## [Assignment]
Can you retype only the lines from the one with "Hotel Ibis Centre Gare Ginevra" through the final line of the material, exactly as given?

↓↓↓

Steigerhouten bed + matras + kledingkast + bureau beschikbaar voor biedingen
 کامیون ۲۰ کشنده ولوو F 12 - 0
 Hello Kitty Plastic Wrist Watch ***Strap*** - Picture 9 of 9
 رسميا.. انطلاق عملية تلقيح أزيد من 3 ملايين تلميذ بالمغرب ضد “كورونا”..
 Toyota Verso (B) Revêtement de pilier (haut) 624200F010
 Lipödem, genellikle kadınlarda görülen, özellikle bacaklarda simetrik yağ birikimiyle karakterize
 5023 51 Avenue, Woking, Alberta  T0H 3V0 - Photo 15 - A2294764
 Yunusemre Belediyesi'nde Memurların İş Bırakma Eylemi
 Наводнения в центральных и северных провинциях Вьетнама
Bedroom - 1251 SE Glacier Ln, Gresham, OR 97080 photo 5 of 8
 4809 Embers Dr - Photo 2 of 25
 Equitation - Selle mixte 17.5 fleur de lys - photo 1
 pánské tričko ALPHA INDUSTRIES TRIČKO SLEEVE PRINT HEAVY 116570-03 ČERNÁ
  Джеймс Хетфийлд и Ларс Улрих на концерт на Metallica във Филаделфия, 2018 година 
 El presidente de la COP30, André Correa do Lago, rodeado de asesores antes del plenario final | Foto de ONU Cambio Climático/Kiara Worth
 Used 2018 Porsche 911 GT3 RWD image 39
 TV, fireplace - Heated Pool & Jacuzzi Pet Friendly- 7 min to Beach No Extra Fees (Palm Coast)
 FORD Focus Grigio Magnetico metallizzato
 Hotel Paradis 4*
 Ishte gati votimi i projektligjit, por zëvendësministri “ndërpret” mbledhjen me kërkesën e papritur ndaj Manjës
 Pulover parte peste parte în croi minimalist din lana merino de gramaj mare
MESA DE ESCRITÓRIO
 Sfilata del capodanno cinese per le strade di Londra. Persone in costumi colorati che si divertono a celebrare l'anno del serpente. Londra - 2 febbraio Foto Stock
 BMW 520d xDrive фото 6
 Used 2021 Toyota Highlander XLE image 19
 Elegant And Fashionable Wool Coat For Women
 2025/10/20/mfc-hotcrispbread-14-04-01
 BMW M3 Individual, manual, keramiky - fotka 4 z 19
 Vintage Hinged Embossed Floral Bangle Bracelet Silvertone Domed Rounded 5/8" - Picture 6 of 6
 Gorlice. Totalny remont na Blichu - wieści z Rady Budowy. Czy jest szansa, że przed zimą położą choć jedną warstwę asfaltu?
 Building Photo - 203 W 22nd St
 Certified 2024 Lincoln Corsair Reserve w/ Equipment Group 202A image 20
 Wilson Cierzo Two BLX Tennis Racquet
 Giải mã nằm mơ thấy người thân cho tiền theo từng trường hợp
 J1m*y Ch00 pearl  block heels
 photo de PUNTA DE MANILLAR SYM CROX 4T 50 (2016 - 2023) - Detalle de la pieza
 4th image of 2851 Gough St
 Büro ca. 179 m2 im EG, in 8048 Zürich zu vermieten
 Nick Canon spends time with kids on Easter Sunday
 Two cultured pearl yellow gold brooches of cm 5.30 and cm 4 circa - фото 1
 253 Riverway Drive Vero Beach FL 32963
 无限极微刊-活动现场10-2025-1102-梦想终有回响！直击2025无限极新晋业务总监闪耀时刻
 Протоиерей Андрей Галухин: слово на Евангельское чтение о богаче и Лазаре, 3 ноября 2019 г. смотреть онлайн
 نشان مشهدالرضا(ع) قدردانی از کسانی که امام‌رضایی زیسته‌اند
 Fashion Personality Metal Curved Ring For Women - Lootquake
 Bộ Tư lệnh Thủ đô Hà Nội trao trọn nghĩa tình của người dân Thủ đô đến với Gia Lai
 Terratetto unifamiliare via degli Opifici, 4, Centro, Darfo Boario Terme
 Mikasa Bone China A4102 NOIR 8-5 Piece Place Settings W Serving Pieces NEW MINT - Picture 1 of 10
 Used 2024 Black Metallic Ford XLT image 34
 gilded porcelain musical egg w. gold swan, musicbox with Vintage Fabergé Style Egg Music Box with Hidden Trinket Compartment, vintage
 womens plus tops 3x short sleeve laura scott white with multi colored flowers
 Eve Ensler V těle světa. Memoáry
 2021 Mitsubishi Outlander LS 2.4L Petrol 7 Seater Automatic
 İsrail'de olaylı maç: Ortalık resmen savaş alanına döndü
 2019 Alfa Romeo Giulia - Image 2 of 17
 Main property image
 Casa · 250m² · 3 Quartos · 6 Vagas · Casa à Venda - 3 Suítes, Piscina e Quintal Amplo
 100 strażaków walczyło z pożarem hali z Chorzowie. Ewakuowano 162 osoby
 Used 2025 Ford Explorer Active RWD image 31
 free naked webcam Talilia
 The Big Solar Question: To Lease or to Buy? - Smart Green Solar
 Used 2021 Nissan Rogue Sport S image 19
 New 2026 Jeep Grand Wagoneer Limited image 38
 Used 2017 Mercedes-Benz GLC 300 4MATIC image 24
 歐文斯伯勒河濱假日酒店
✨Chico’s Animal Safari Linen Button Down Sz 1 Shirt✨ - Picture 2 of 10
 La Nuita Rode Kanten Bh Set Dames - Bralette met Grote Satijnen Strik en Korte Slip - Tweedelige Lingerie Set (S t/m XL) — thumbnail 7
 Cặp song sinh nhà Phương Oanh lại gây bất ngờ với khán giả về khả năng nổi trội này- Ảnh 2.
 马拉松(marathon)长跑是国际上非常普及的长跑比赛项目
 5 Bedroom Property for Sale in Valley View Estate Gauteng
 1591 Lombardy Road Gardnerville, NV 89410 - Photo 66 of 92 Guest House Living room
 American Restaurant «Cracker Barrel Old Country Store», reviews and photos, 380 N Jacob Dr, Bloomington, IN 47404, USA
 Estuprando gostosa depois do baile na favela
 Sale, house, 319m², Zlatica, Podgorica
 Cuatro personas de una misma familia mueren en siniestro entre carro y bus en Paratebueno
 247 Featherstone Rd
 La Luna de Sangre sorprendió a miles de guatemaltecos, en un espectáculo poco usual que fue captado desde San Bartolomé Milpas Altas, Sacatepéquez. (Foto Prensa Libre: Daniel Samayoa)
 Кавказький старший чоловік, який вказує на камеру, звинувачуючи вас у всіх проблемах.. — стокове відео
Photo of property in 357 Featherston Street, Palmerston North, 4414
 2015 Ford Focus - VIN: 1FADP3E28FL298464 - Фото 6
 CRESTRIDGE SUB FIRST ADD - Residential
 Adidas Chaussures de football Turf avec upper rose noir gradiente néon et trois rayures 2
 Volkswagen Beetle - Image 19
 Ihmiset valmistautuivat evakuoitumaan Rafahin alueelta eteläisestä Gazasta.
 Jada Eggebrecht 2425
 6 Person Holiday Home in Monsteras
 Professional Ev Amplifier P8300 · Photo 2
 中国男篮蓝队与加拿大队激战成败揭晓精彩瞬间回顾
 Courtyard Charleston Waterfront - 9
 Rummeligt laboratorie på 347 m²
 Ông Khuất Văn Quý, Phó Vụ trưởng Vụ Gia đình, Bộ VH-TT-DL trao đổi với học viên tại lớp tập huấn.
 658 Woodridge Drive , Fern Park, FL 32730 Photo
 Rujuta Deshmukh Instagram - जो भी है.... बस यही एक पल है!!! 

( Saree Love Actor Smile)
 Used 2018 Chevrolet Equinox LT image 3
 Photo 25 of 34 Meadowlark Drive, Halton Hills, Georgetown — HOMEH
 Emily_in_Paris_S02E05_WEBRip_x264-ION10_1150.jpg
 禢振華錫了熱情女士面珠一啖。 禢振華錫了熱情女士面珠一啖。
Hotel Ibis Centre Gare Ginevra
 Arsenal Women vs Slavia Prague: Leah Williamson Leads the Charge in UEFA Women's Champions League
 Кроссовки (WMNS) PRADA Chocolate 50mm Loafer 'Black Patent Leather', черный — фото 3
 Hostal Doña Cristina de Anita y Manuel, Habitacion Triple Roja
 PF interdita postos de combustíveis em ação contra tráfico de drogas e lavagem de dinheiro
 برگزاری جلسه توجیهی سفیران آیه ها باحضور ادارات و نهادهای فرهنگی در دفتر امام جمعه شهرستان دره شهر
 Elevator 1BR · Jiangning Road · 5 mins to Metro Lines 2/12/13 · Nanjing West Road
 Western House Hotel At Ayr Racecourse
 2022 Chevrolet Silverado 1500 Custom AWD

↑↑↑

## [Answer section]
Hotel Ibis Centre Gare Ginevra
 Arsenal Women vs Slavia Prague: Leah Williamson Leads the Charge in UEFA Women's Champions League
 Кроссовки (WMNS) PRADA Chocolate 50mm Loafer 'Black Patent Leather', черный — фото 3
 Hostal Doña Cristina de Anita y Manuel, Habitacion Triple Roja
 PF interdita postos de combustíveis em ação contra tráfico de drogas e lavagem de dinheiro
 برگزاری جلسه توجیهی سفیران آیه ها باحضور ادارات و نهادهای فرهنگی در دفتر امام جمعه شهرستان دره شهر
 Elevator 1BR · Jiangning Road · 5 mins to Metro Lines 2/12/13 · Nanjing West Road
 Western House Hotel At Ayr Racecourse
 2022 Chevrolet Silverado 1500 Custom AWD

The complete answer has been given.